There are also problems of India’s own making. From the start, the second five-year plan was badly administered. New projects popped up like toadstools, and for months half a dozen uncoordinated ministries bought “plan equipment” without bothering to inform the Finance Ministry what they were buying or how much they were spending. Though India has explored less than 20% of its mineral resources, Indian politicians resisted importation of foreign geologists or engineers, arguing that “India must save its resources for itself.”

The Socialist bias of Nehru’s political philosophy, which expressed itself two months ago in a tax on capital assets, discourages private industry, foreign and domestic. Said leading Indian Industrialist G. D. Birla: “As things stand now, there is not the slightest possibility of raising any sizable capital in India.”

The Pruning. Faced with these grim prospects, Nehru’s brain-trusters last week were pruning whole sections out of the five-year plan. Instead of 8,000,000 new jobs, the planners now hope to create a mere 5,000,000. Instead of an increase of 15 million tons in grain production, they now hope for 10 million—far short of enough to keep pace with India’s 5,000,000 yearly births. Power and electricalequipment projects have been dropped. To save foreign exchange, the government has slapped strict import controls on luxury goods. Despite these measures, the huge Rihand hydroelectric dam in Uttar Pradesh stands useless for lack of $8,000,000 to buy electric generators.

With every project abandoned or deeply modified, India moved one step closer to political upheaval. The five-year plan is one of the few campaign arguments Nehru’s sagging Congress Party still has. If the plan fails, the people of India, blindly determined to raise their living standard by one means or another, are in a mood to rise up against the Congress Party at the polls. The chief gainers will be not Nehru’s democratic opponents, who are few and disunited, but India’s burgeoning Communist Party, which has already been voted into power in the state of Kerala (TIME, April 1 et seq.).

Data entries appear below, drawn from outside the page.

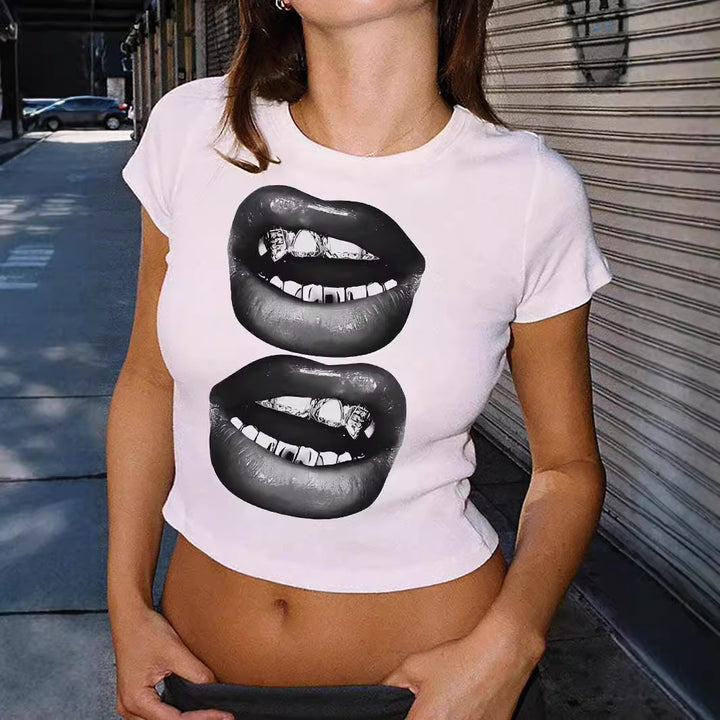 Damen Crop-T-Shirt mit kreativem Telefon-Design Echo Archiv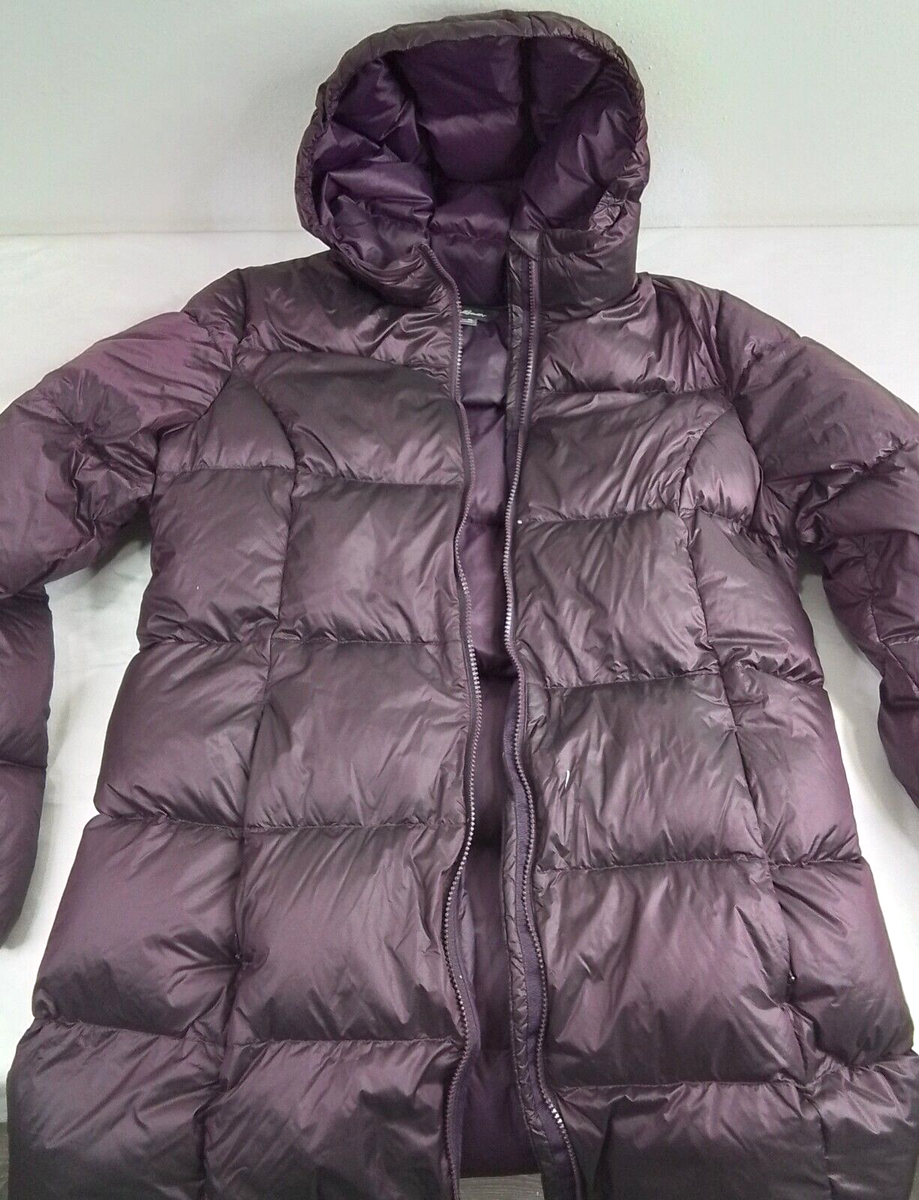 Eddie Bauer Down Jacket Women's XL Purple Parka Hooded Full Zip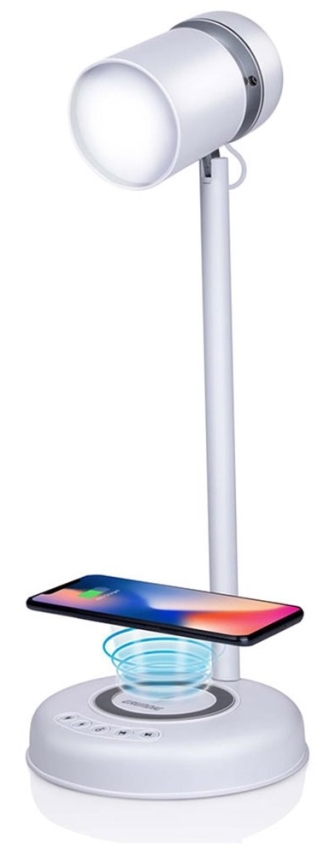 Grundig - LED bordslampa med trådlös laddning och inbyggd högtalare 3 i 1 LED/15W/5V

Pride & Practice. India, with its touchy pride, is a cantankerous and exasperating nation to deal with. Jawaharlal Nehru, who denies the existence of international Communism and can solemnly equate U.S. troops in Japan and Korea with Russian troops in Hungary, sometimes seems intent on proving to the West that he is a hard man to like. But for all his faults, Nehru is a practicing democrat. Throughout Southeast Asia today new nations, hungry for economic growth, are eying the progress of democratic India and Communist China. If India falls too far behind, Indians will be tempted to switch to China’s totalitarian methods; if they do, nations on India’s flank, such as Burma, Ceylon and Pakistan, might be drawn by their massive neighbor into the path toward Communism.

The U.S. can ill afford to let India lose the race, and does not intend that it should. The Agriculture Department has opened negotiations to barter U.S. surplus wheat for Indian manganese. More important, the Eisenhower Administration is earnestly exploring ways and means of raising the aid money that would give the stumbling giant time enough to find its own strength.